*Requirement:* Send back the line that contains "Roald Dahl's Matilda The Musical" and all lines following it through the end of the data below, exactly, omitting pictures.

*Data section:*
....

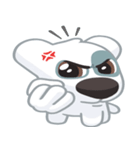 Spotty the Dog（個別スタンプ：9）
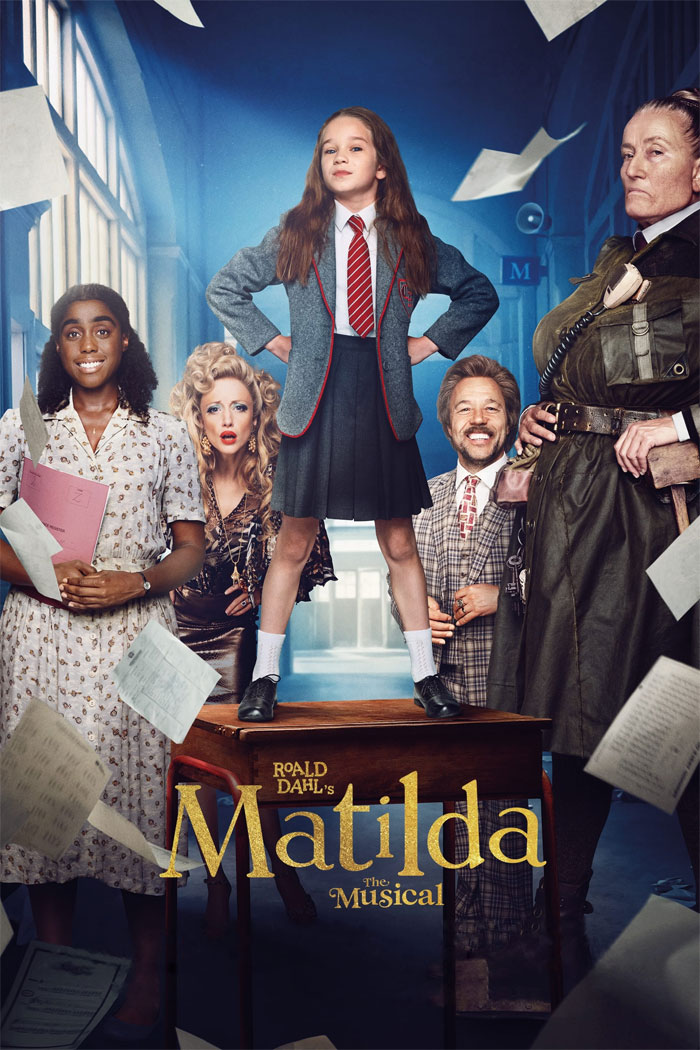 Roald Dahl's Matilda The Musical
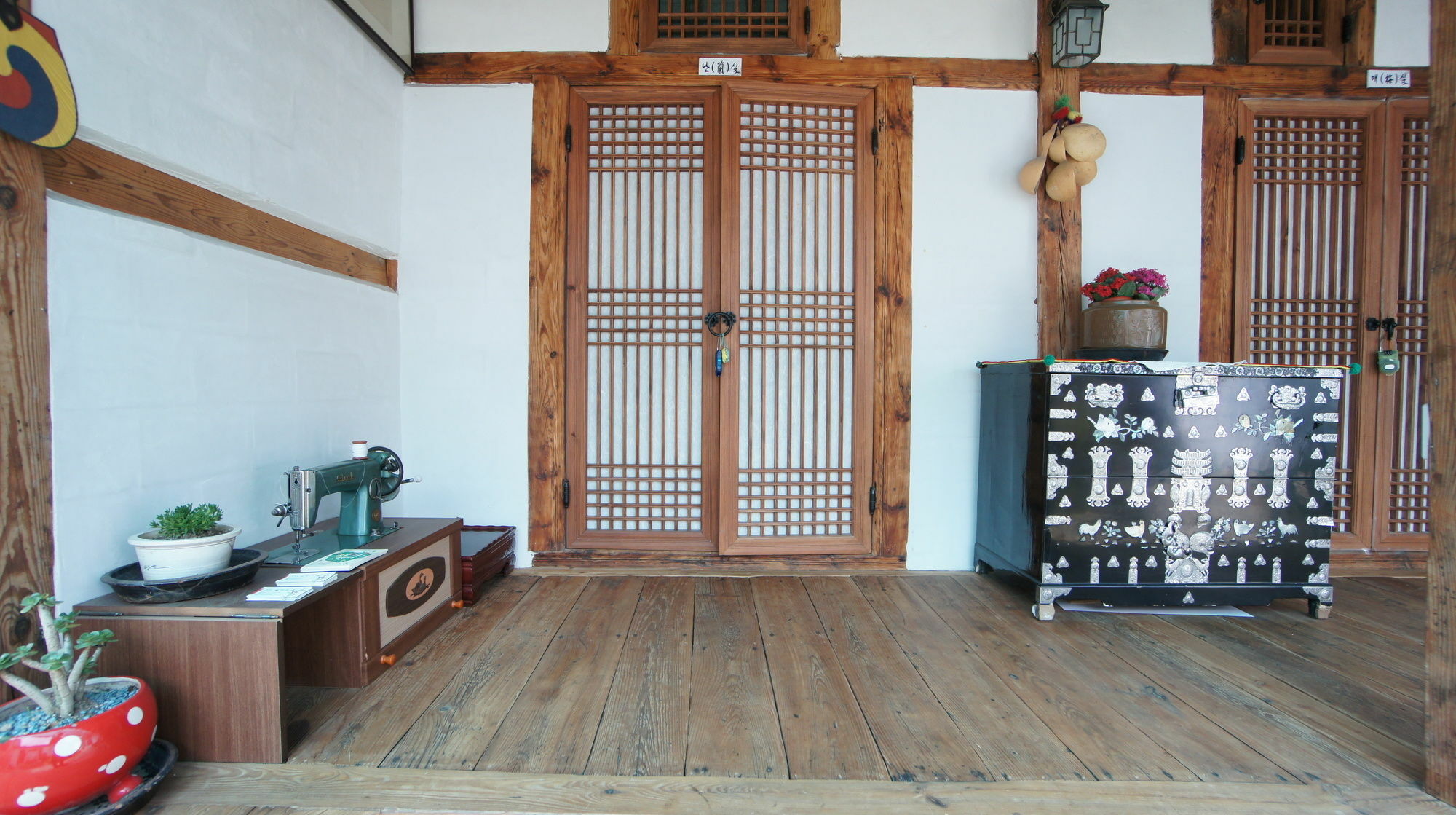 全州市 1928苏玛鲁韩屋旅馆酒店 外观 照片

....

*Answer to this problem:*
 Roald Dahl's Matilda The Musical
 全州市 1928苏玛鲁韩屋旅馆酒店 外观 照片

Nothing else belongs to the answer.